The Herald reports:
James Shaw has been elected as the new co-leader of the Green Party.
The Wellington-based MP, who has only been in Parliament for seven months, was confirmed as the successor to Russel Norman at the party’s AGM this afternoon.
Mr Shaw said it was an “extraordinary privilege” to take on the top role.
He acknowledged that some people would be disappointed in the result, and said: “I will do everything within my power to earn everyone’s respect.”
Mr Shaw thanked his rivals, Mr Hague, Gareth Hughes, and Vernon Tava.
Kevin Hague, who had been the early favourite for the male co-leader position, placed second after a vote by delegates.

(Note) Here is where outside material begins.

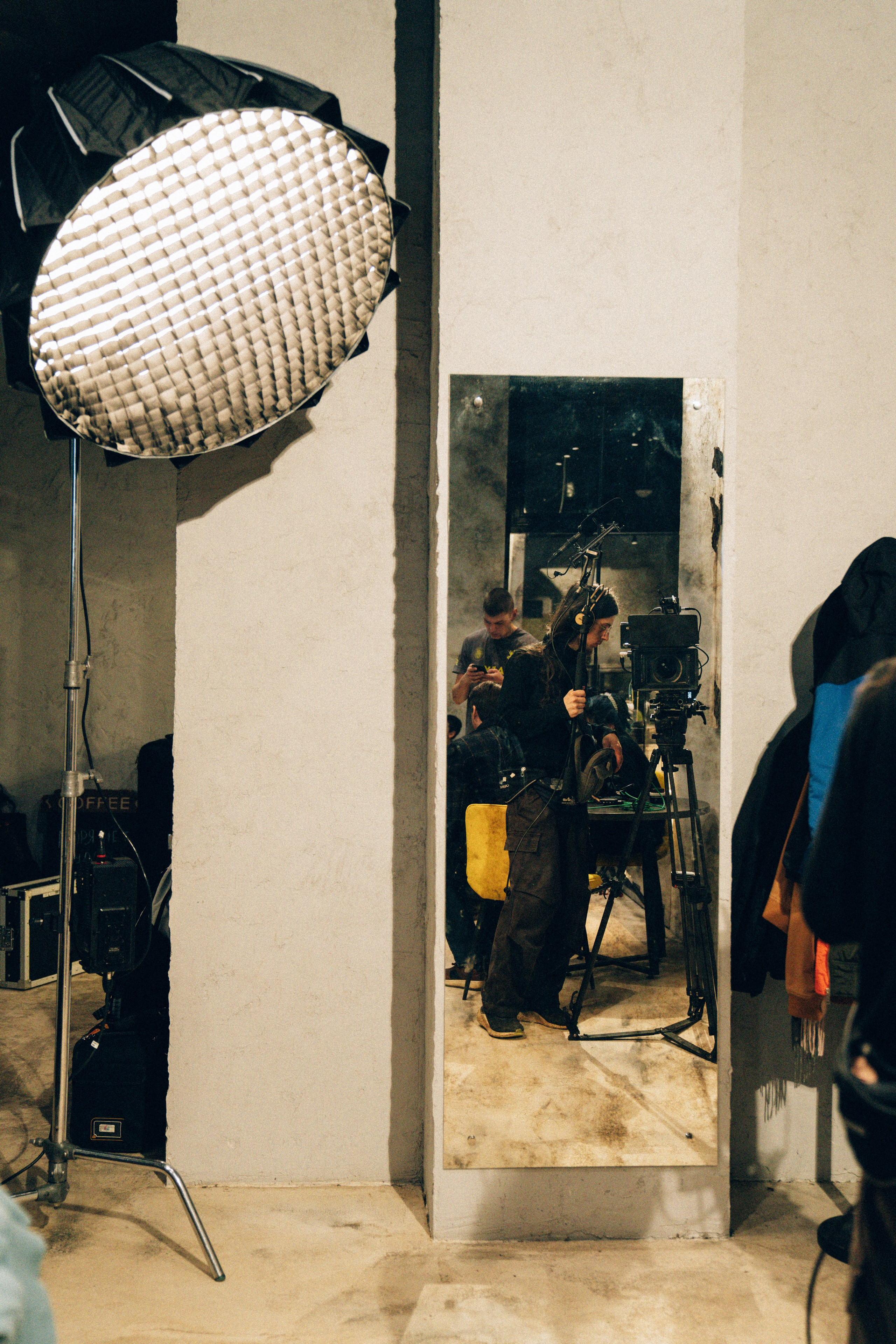 Бэкстейдж с км «Раздражитель». Фото и видео съемка Москва-Санкт-Петербург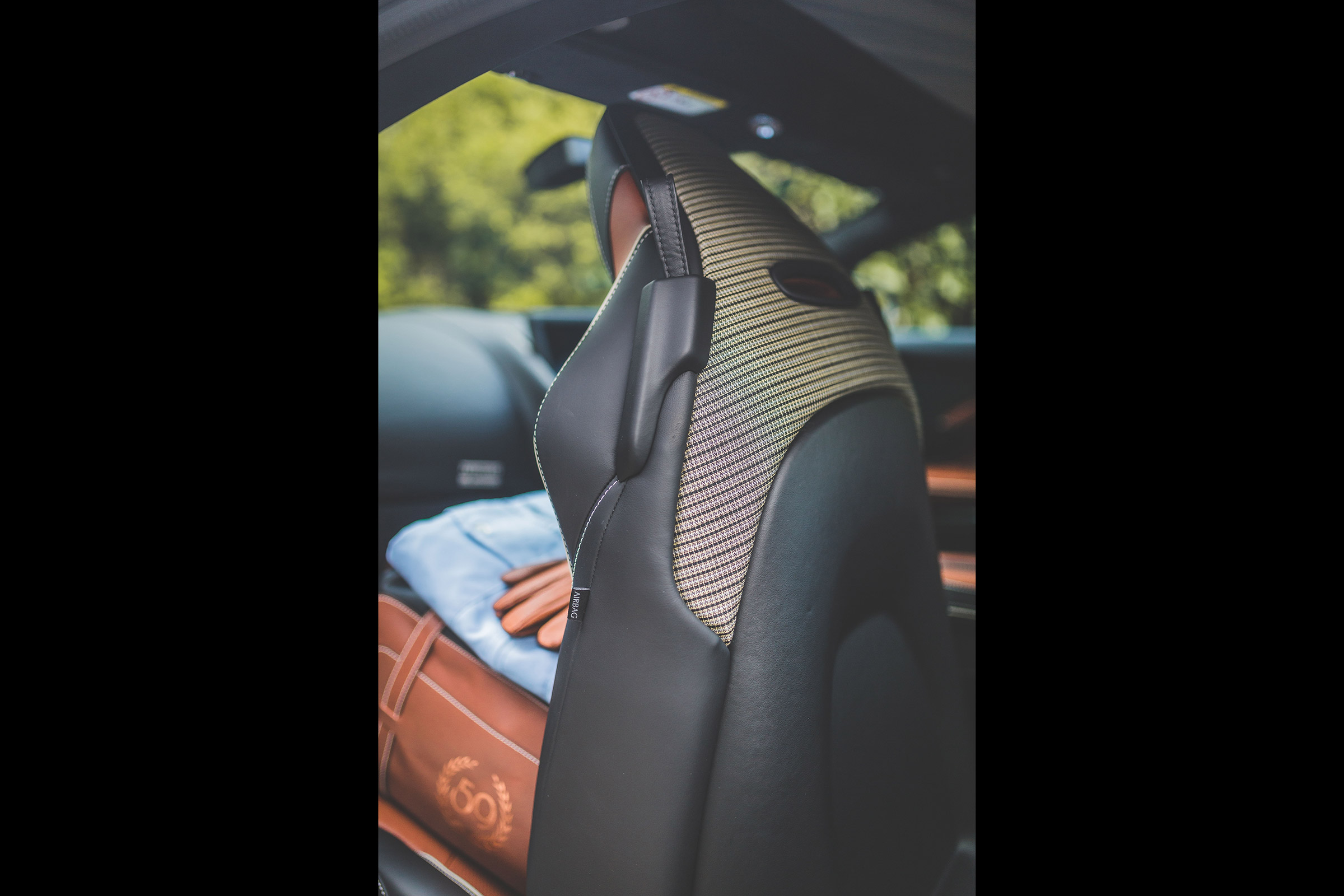 Aston Martin DBS 59 by Q - seats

Congratulations to James, and commiserations to Kevin, Gareth and Vernon.
This is a rare opportunity for the Greens to significantly grow their appeal. If they play their cards right, people who have always dismissed them as being an anti-business and anti-economy party may now stop and listen to what they are saying. They may not necessarily get converted, but more of them will now listen.
James has both an impressive business background, but also knows how to communicate to people who are not left wing. Anyone can persuade people who already agree with you, but the skill is persuading people who don’t.
The election of Shaw is not a silver bullet for The Greens, but it is a golden opportunity. They have shown an ability to win votes off Labour – now they may have the ability to win some votes off National. The election of Shaw is a potential thorn for National. However it is also good for people who believe in sensible policy, as eventually there will be a Labour-Green Government, and I’d rather have James Shaw as the Finance Minister in it, than Russel Norman. Not because Russel is a bad person, but his beliefs were shaped by Marxism, and Shaw’s are not. This does not mean Shaw is right wing, or not left wing. He is definitely left wing – but just more centre left than hard left.
Kevin Hague would have been a very good co-leader if he had been elected. As I have blogged previously, Kevin has achieved a lot as an MP, and would have done so also as co-leader. he was just unfortunate with the timing of the vacancy, and the fact the Greens under-performed at the last election meant that their members were more attracted to a circuit-breaker.
So it will be interesting to see how The Greens go with their new male co-leader. They have the opportunity to grow their support now, but it won’t happen automatically.